Now to tag three people. I’m going to tag

Ursula

Paula

Rory

I’m hoping they play along because all three have fun, interesting takes on just about everything and all three are excellent with words. I am always grateful to the people who share their words with us.

 

19 thoughts on “P.O.P. ~ Gracious Greetings

      1. You’re welcome Angie. You are absolutely right. I love how you researched different cultures and their customs. If we all tried to understand those who are different from us, we will be living in a peaceful and harmonious world.

        Liked by 1 person

  1. Angie… Dang, girlfriend! I love this!!!😍 😘 🥰 You really went the extra mile with a full history lesson on gracious greetings! This is so very cool!
    The Japanese, I learned quickly when I used to work in the office of a steel company. I thought the CEO was going to have heart failure when I attempted to shake his hand during my interview. LOL! 🤣 But, it was like you just sated… It’s a cultural thing.
    Awesome post, Angie!!! You get an A+ from me! 🙌 👏

    Liked by 1 person

    1. Why thank you!😊🤗 I thought I’d explore the “anything goes” aspect of the game, let me victims… I mean the people I tagged, know they can do whatever too.
      Plus, a lot of my posts lately have been game stuff, I wanted to do something with more substance. Than you for giving me the kick in the ass, I mean the tag, to get me going😘🥰🤣

      Liked by 1 person

  2. Great post, Angie 🙂

    I love what you did with the idea, such a brilliant spin of perspective. I always admire those who think out of the box and view things from a position other than their own. If they explore the world beyond their personal bubble, I deep bow to their awesome.

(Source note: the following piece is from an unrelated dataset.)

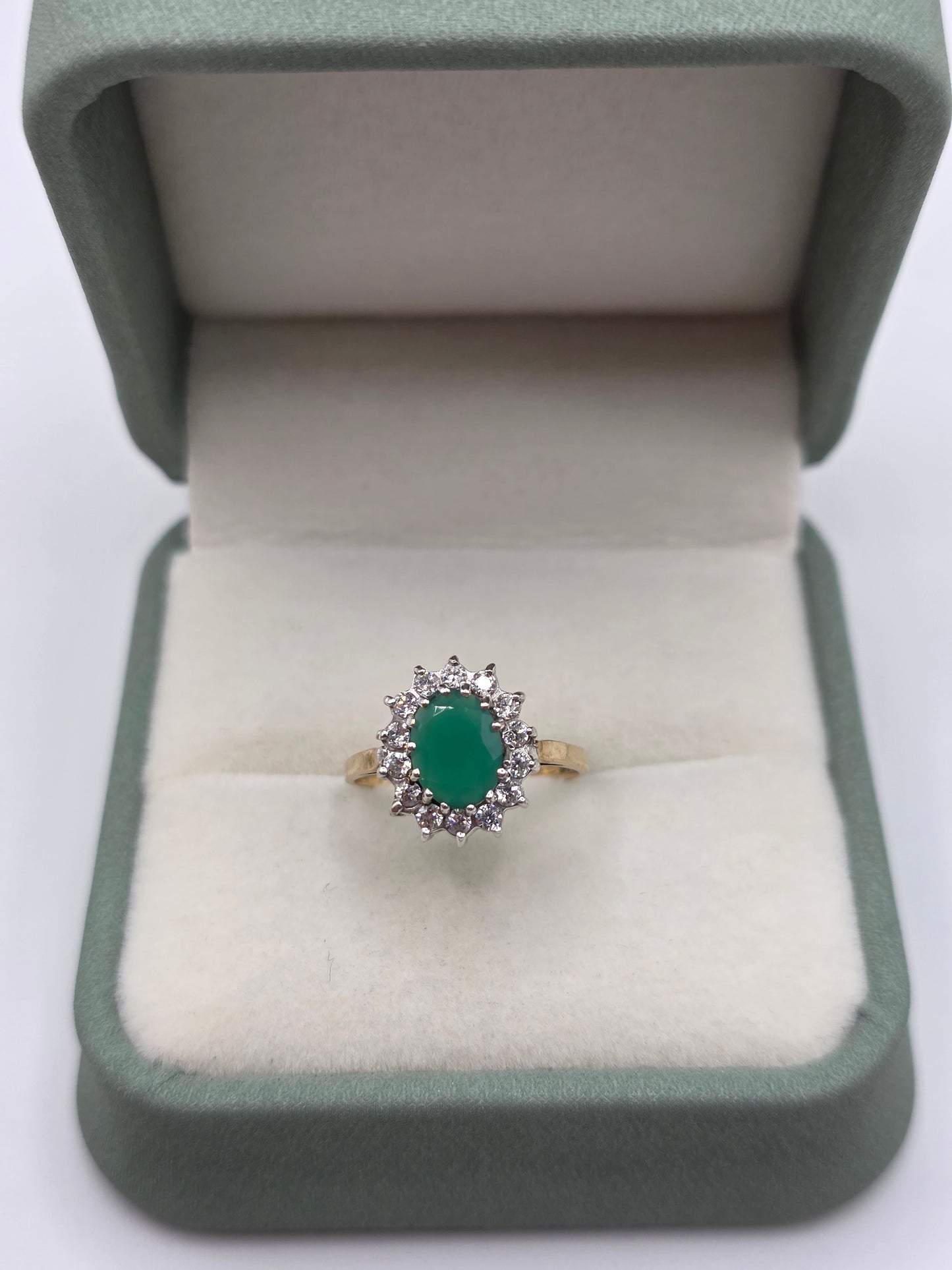 9ct gold green agate and cz ring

    Whenever I travel to another country I try to respect that country’s customs as best as I can – people tend to appreciate the gesture even if you mess it up. Idem when meeting someone from another country/culture in my own territory. Although if it involves kissing and hugging… I prefer as little physical contact as possible, none is the best.

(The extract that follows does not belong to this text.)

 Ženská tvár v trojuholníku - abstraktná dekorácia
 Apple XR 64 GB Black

    The French appreciate people attempting to speak French even if you do it really badly and they can’t understand you, because it shows respect. You get brownie points for trying and the “rude” Parisians suddenly become really sweet and helpful.

    In Southern Italy glaring is a customary greeting, smiling is seen as possibly suspicious 😉

    I have to admit that I tend to react to tags like I do to being touched 😀 I wasn’t going to participate and was trying to figure out a gracious way of doing it, but something happened today and it ties in so well with this, so I’m doing it but I’m not going to tag anyone else.

    Liked by 1 person

    1. Thanks Ursula!
      Yeah, I kinda got the message you weren’t thrilled with the tag. I shall put you on the “do not tag” list. I wasnt going to tag you because I sorta already knew it wasnt really your thing but I admit that I thought you could do something cool with this topic. A big thank you to whatever it is that happened and to you in advance for what I’m sure will be a wonderful thought journey.

      I’ll see you later, or rather you’ll see me, over in your comments section later on the archetype post. 🙇‍♀️🌻

      Like

      1. Thank you, Angie, for being understanding and rather psychic-empath about it 😉

        I don’t mind being tagged every now and again, trust the force within you, Luke, but… my post in response to your tag explains the rest in my usual blunt-blurt-blurby style. 😀

        I’m highly skilled in making things awkward!